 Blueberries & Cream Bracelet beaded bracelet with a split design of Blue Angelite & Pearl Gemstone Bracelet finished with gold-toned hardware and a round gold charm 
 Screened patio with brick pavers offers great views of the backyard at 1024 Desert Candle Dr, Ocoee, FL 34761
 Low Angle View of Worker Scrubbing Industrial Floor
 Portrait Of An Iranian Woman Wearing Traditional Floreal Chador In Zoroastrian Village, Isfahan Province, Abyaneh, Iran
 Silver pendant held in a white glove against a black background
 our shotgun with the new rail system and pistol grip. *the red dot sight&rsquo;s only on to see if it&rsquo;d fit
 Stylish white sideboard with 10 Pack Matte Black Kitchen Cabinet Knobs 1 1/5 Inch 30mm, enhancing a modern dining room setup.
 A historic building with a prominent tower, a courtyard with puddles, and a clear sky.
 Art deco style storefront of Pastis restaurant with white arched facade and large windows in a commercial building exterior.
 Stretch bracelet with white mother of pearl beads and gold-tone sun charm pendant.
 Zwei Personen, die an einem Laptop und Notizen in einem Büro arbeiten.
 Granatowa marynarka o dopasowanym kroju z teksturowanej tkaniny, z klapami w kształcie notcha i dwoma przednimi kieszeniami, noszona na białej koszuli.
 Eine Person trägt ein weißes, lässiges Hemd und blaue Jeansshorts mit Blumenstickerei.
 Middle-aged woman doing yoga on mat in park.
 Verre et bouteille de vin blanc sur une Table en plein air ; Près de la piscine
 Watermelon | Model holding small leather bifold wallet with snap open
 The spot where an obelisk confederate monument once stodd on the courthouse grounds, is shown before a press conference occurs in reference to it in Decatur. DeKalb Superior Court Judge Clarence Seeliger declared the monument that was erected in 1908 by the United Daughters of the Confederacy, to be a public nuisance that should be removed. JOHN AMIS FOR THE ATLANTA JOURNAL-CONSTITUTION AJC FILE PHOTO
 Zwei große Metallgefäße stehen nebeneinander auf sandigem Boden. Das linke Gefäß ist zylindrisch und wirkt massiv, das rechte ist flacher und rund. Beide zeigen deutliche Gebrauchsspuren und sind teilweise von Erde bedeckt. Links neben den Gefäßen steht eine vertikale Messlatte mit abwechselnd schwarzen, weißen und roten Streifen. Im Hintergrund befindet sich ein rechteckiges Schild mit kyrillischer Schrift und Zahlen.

## REQUIREMENT
Bring together all lines from the listing that contain the word "white".

## OUTPUT
 Silver pendant held in a white glove against a black background
 Stylish white sideboard with 10 Pack Matte Black Kitchen Cabinet Knobs 1 1/5 Inch 30mm, enhancing a modern dining room setup.
 Art deco style storefront of Pastis restaurant with white arched facade and large windows in a commercial building exterior.
 Stretch bracelet with white mother of pearl beads and gold-tone sun charm pendant.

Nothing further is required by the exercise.